Pero no siempre cayeron elogios y reconocimientos sobre nuestro
Fausto. Si en su tan minucioso relato Anastasio “el pollo” no distingue ficción de realidad, no es menos cierto que algunos iluminados vieron en él ciertas tergiversaciones e imperdonables errores, que habrán afectado con dolor al incipiente “ser nacional”. Es que decidieron no tener en cuenta que Del Campo solo había escrito un poema, y no un tratado sobre el pelaje de los caballos o una empírica descripción de las costumbres criollas. Según Rafael Hernández (hermano de José), es inconcebible lo del “overo rosao, flete nuevo y parejito”: para los entendidos, la idea de un parejero con pelaje overo equivaldría a la de una vaca con escamas. Tampoco se quedó atrás Leopoldo Lugones, cuando observó que un criollo como el protagonista del poema jamás monta en un “overo rosao”: este tipo de caballo estaba destinado a tareas menos dignas, como tirar el balde en las estancias o servir a los mandaderos. O peor aún: “Ni el gaucho habría entendido una palabra, ni habría aguantado sin dormirse o sin salir, aquella música para él atroz; ni siquiera es concebible que se le antojara a un gaucho meterse por su cuenta en un teatro lírico” (Lugones,
El payador).
Qué importa la credibilidad, si existe una razón poética. Borges prologó el
Fausto criollo en 1946 y en 1969, como defensa a favor de un poema que aún sufría los efectos de los ataques de sus detractores. Nos cuesta creer que en pleno siglo XX y para contrarrestar semejantes observaciones, haya tenido que subrayar que el arte es convencional.

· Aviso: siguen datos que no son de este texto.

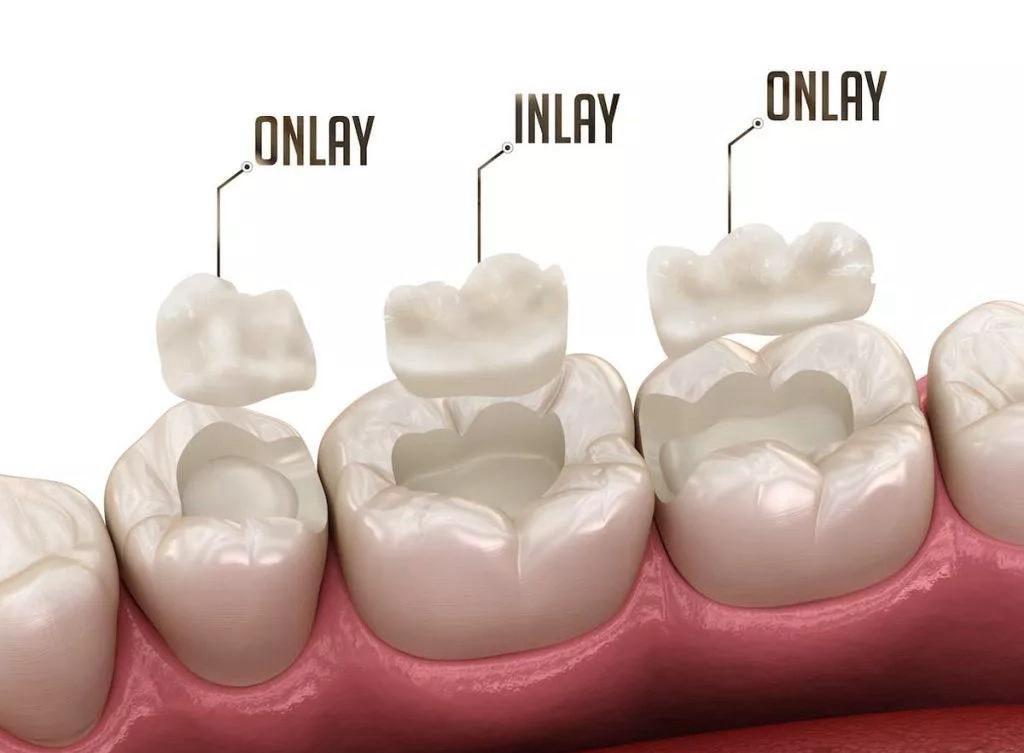 Onlay dentaire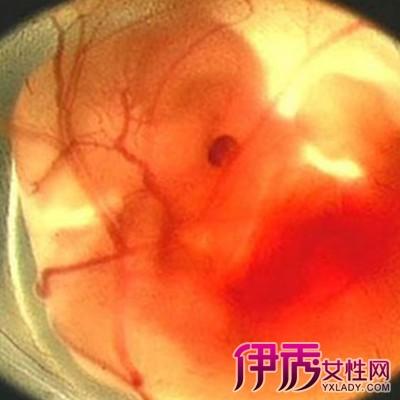 图胎儿两个月的样子图片一览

Del Campo perteneció a una familia de unitarios, caída en desgracia en época de Rosas. De muy joven debió salir a trabajar para ganar el sustento, lo que le permitió conocer a los hombres de la campaña, sus costumbres y su manera de hablar. Luego fue soldado y participó en históricas batallas; se refiere su costumbre de saludar militarmente el primer cañonazo. Por experiencia propia sabía mucho de caballos, de pelajes y de hábitos gauchescos, a pesar de las palabras de R. Hernández y de Lugones. Como frecuentaba el “tiatro” de Colón, ostentoso símbolo de status de una Buenos Aires que había roto lazos con la Confederación, se le ocurrió llevar al verso la experiencia de un paisano en semejante lugar. Se dice que todo se originó cuando el 11 de agosto de 1857 fue en compañía de un amigo gaucho, el verdadero Anastasio “el pollo”, a ver una función de
Sapho de Giovanni Paccini con Emmy La Grua. El paisano no supo distinguir si lo que sucedía sobre el escenario pertenecía o no a la realidad y al día siguiente, el inspirado Del Campo publicó en el diario
Los Debates la Carta de Anastasio el Pollo sobre el beneficio de la Sra. La Grua.

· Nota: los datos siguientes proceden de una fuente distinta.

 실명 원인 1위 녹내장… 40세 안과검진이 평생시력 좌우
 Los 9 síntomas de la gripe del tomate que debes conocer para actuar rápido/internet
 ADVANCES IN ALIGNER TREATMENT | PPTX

Podemos pensar que el argumento de la ópera de Gounod, era mucho más atractivo que el propuesto por Paccini para servir al poema que dio celebridad a su autor. Con la experiencia de la lectura del
Fausto criollo, muchos estaremos de acuerdo con Borges en que su virtud central es el placer que da la contemplación de la felicidad y la amistad (JLB -
Prólogos con un prólogo de prólogos, p. 41. Alianza Editorial, Madrid 1998).